Curtain entered the Law School with the intention of becoming a labor lawyer, but as his 55-year career in trust and estates can attest, things didn’t quite work out that way. In a trust and estates course with Professor John Garvey, Curtin got his first taste for the subject. “He was just an incredibly smart person. Very quiet, reserved, but was impactful for me.” It was Garvey who years later would ask Curtin to join the Adjunct Faculty and teach a trust and estates course. While Garvey introduced Curtin to the field, it was early, hands-on experience that kept him there.
Between his first and second years of law school, Curtin took a clerkship at a local D.C. firm and he grew the law clerk position into a part-time job for the remainder of law school. “I would go to class early in the morning, then work at the law firm, then go back to the Law School two or three nights a week to take extra courses. I went to a summer school one summer, so I was able to finish in three years.” The firm was primarily a labor law firm, but would often take estate work from local D.C. clients. Whenever estate work came in, it fell to Curtin as “the rookie” to complete it. As Curtin took on full-time work post-graduation, more trust and estate work came in and he just kept doing it. As a result of this work, Curtin interacted frequently with the U.S. District Court in the District of Columbia. When it became clear that an opportunity for a position as Deputy Register of Wills in the District of Columbia was open, Curtin took it. Curtin was Deputy Register of Will until going into private practice. Modestly Curtin shared, “People thought I was smarter than I was at trust and estates. Anyway, that’s really how it started and I joined this firm in 1975 and continue practicing at its successor firm to this day.”
Curtin has had a long, successful career in trust and estates—and most importantly a fulfilling one. The secret to such a rewarding career? It’s simply that Curtin derives satisfaction from doing a good job. Curtin explained, “The biggest satisfaction is using the law wisely.
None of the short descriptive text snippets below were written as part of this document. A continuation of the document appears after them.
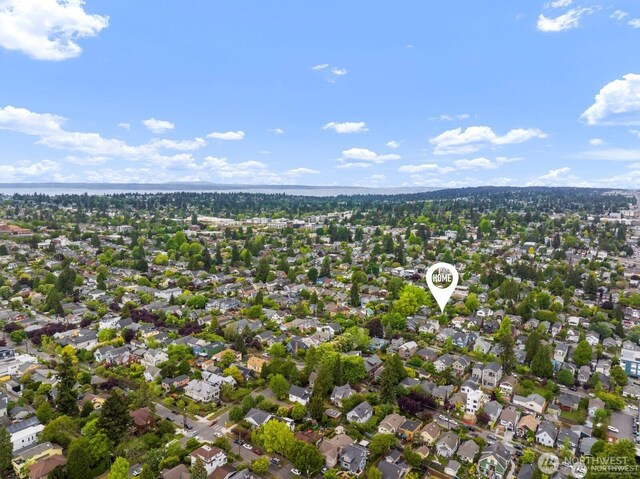 907 N 80th St, Seattle, WA 98103 - photo 35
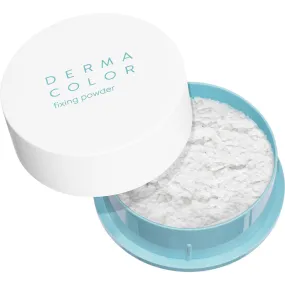 Dermacolor Fixing Powder 20g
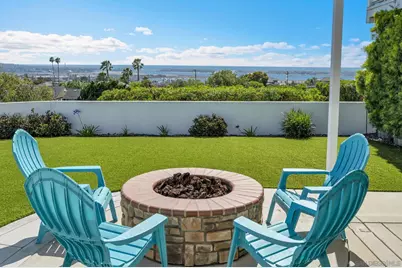 2704-06 Deerpark Dr, San Diego, CA 92110 - Photo 5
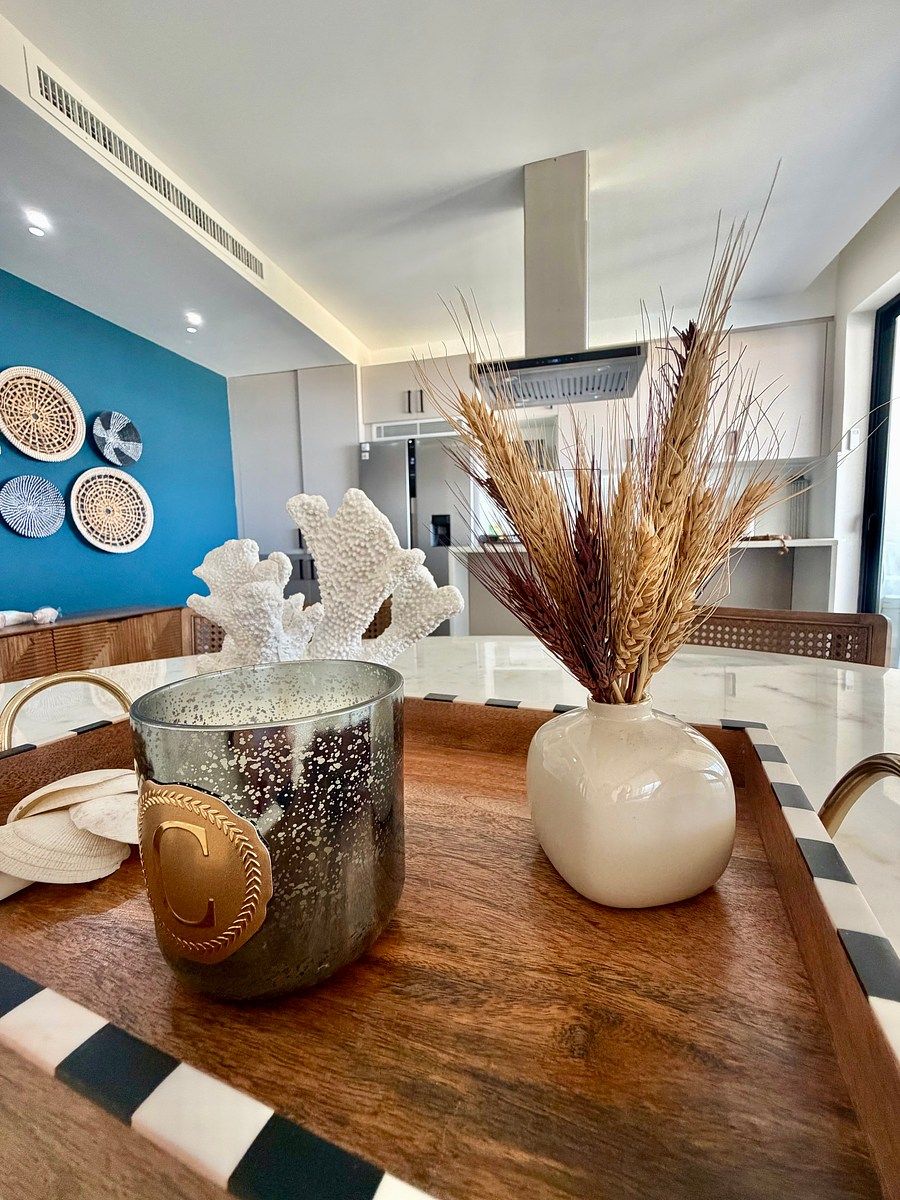 Apartamento en Cap Cana, Punta Cana, foto 14 de 28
Getting people through the legal process, whether it’s estate planning, or estate administration, or estate litigation so that at the other end they have a good estate plan or they are able to enjoy the transmission of wealth from a relative or friend.” His work ethic and approach to the law were heavily influenced by Curtin’s Catholic Law School education. It wasn’t just about learning the law, it was about learning to function as a positive force in society. “Using your ‘lawyerly skills’ to get the best result for your client, whether that client is a paying or pro bono client, has always seemed to me to be the best way to go.”
Of course, balancing a successful career and with a personal life has not always been easy. Curtin spoke about his own work/ life balance, “That kind of jargon was not really part of the lexicon when I was coming up through the law. Most people probably would tell you I had and continue to err on the side of work. My wife, Kathleen, and I were married after my first year of law school and have been happily married for more than 57 years. Looking back, a more equal balance between work and family time would have been very enjoyable. However, it all seems to have worked because I have had the best partner to accompany me on this journey. Our family of five children, five children-in-law, and twelve grandchildren have filled my life with joy even in the midst of so much work.”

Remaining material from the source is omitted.